--- SOURCE DATA ---

______

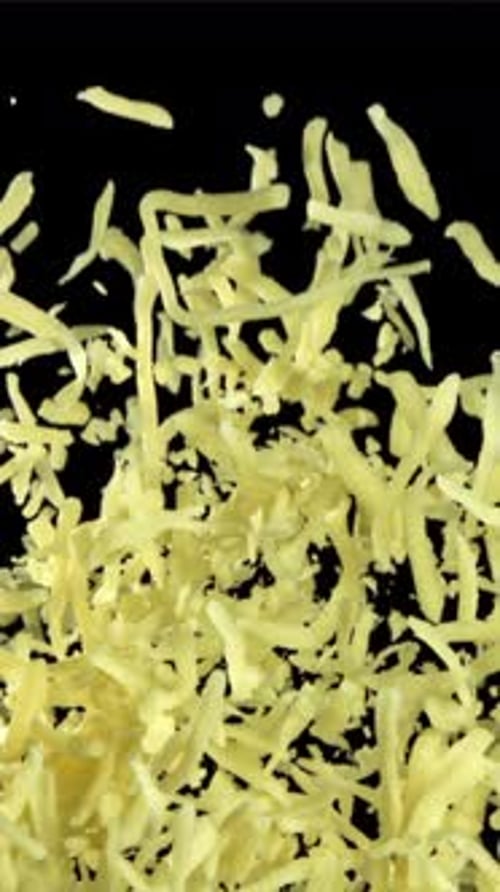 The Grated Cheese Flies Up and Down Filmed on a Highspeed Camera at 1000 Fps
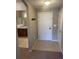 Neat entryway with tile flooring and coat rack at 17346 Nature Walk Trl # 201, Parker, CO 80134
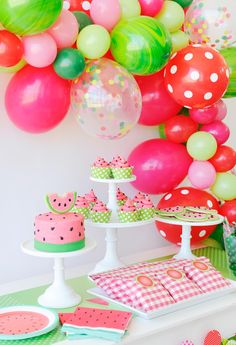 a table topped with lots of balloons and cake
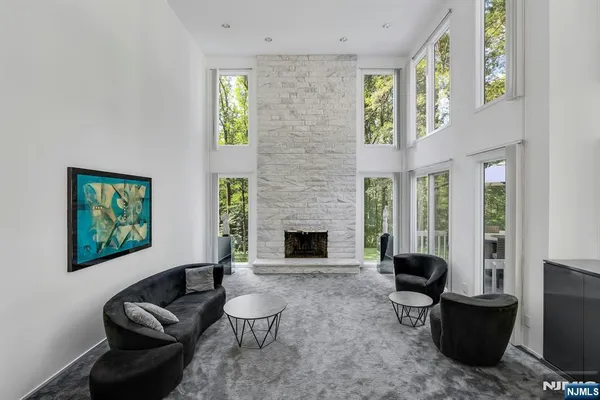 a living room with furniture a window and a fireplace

______

--- TASK DESCRIPTION ---
This task calls for an exact copy of the data above, without pictures.

--- RESPONSE ---
 The Grated Cheese Flies Up and Down Filmed on a Highspeed Camera at 1000 Fps
 Neat entryway with tile flooring and coat rack at 17346 Nature Walk Trl # 201, Parker, CO 80134
 a table topped with lots of balloons and cake
 a living room with furniture a window and a fireplace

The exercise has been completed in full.